No Net

“The right leaders feel a sense of urgency in good times and bad, whether facing threat or opportunity, no matter what.” – Author Jim Collins, “How the Mighty Fall”

Everyone has their theories, but my take is that a leader must work at being uncomfortable at all times. Seriously.  Good leaders walk the tightrope in order to push their teams outside of their comfort zones. It’s the only way to push growth. Changing guest culture, advances in technology, and competitors nipping at your heels adds to this sentiment. At Dickey’s, we live on the edge and eat apprehension for breakfast.  Because if you are aren’t living on the edge, you’re taking up too much space.
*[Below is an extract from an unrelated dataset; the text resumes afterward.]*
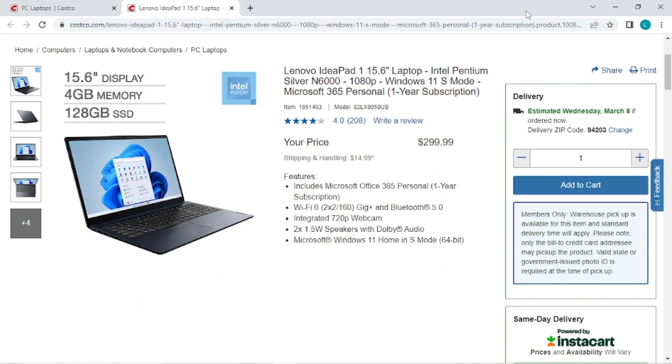I think this laptop would make a good laptop for lightweight tasks like browsing the web and streaming videos and word processing, but I wouldn't recommend it for playing games, although I'm sure it can play some games.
In today’s volatile business climate, it’s natural for leaders to seek a sense of security. In his book How the Mighty Fall, Jim Collins introduces five tripwires that trigger a leader’s (and their company’s) demise. Two of them – “hubris born of success” and “denial of risk and peril” – strongly underscore the comfort zone that leaders can fall prey to, and sometimes even seek out themselves. But, I say lose the safety net and look for ways to use that adrenaline rush to build something beyond compare. Pitfalls to avoid:

  •  Complacency – When the desire to grow or become better wanes, your guard is let down. The drive to develop people, advance goals, and push limits dies and stagnation sets in. Don’t do it.
  •   Comfort Zone – The greatest successes have almost always been born out of necessity.  The phrase “Necessity is the mother of invention” and its kin “Frustration is the father of progress” are pretty spot on. Comfort zones don’t afford you the vision to see what needs to be done, they only show you what needs to be maintained. Comfort zones are for sissies.
  •  Lack of Transparency – By staying comfortable, one tends to “hole up” and not be in the public view. When you’re out in public, you’re more readily seen for who you are and what you do. When a leader is “holed up” they can hide their tracks and cover their trails in order to keep their status but how motivating is secrecy?
  • Accountability Lapse – In tandem with transparency, leaders who do not make themselves uncomfortable will not allow themselves to be held accountable either. They will not build processes in their organization that a keep them sharp and on their game. No accountability, no chance for them to be moved (forward) but more chances for them to be removed.
  • No Sense of Urgency – Firefighters have determination when a fire is blazing – they have to. But it only comes after countless hours of hard drills and training to ensure that urgency is there at any given moment. A leader who seeks comfort will not develop themselves to be ready for the changing business climate, and soon will cease to be an effective and relevant leader. Your team should always be on fire and good leaders fan the flame.
  • No Momentum to Overcome Inertia – Leaders who are uncomfortable will always keep things moving. This enables their organizations to easily turn on a dime to respond to (or be ahead of) trends in their industries. A leader who stagnates needs a large amount of effort – mostly external – to get themselves and their teams moving. By the time they do, it is usually too late.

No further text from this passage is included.